### REQUIRED WORK
From the line containing "DT Donate Pro" down to the line containing "Ganter Ganter sneaker" in the records below, reproduce every line exactly, ends included, and omit all others.
BEGIN DATA SECTION
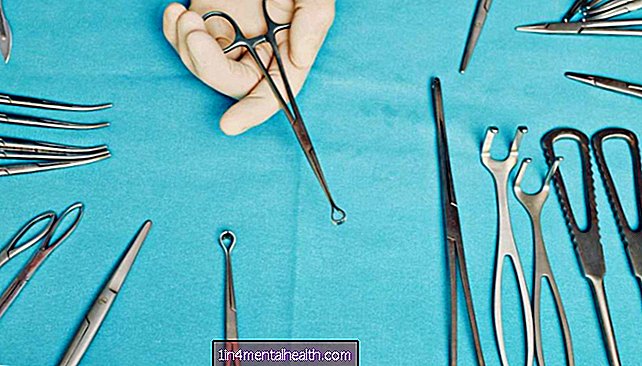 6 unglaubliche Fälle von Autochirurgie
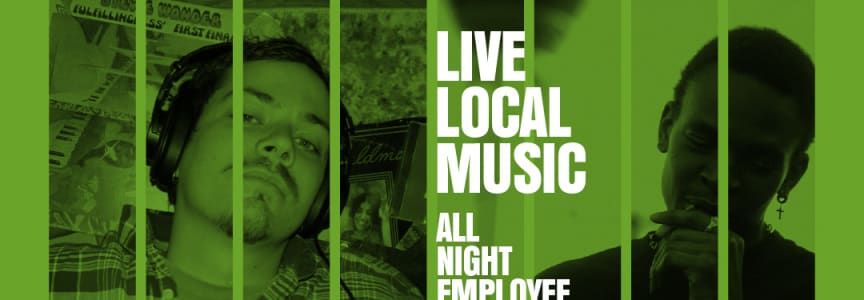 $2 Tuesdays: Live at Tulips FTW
END DATA SECTION
BEGIN DATA SECTION
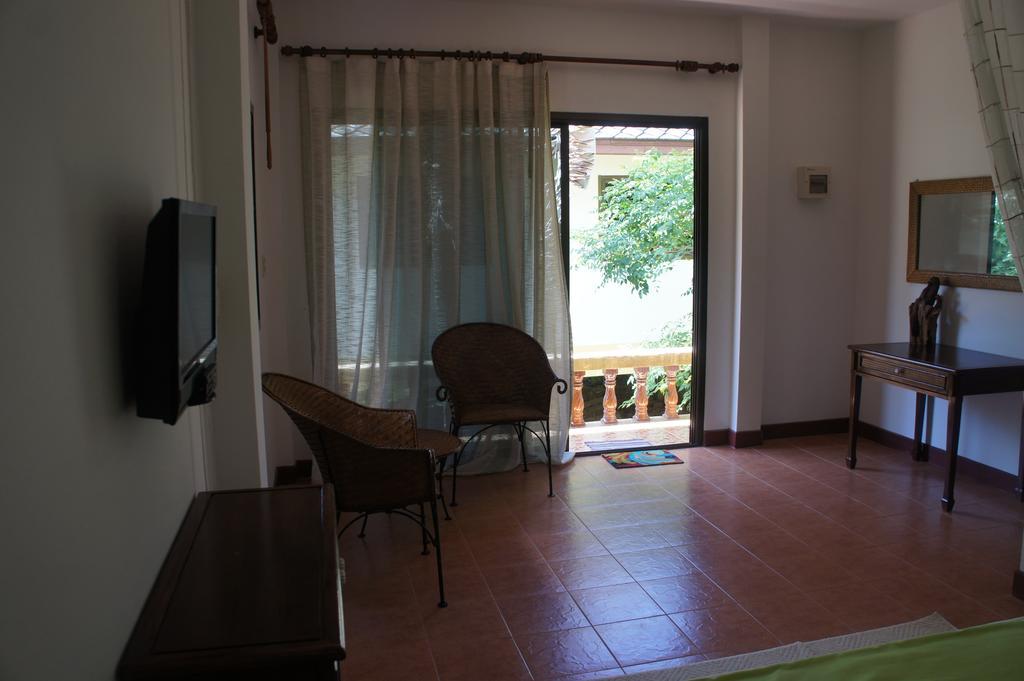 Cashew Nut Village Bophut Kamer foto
END DATA SECTION
BEGIN DATA SECTION
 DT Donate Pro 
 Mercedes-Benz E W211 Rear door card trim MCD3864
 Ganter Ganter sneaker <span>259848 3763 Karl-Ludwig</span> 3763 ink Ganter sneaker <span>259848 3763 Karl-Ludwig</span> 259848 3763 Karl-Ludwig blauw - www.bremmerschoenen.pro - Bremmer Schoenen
END DATA SECTION
### FINISHED EXERCISE
 DT Donate Pro 
 Mercedes-Benz E W211 Rear door card trim MCD3864
 Ganter Ganter sneaker <span>259848 3763 Karl-Ludwig</span> 3763 ink Ganter sneaker <span>259848 3763 Karl-Ludwig</span> 259848 3763 Karl-Ludwig blauw - www.bremmerschoenen.pro - Bremmer Schoenen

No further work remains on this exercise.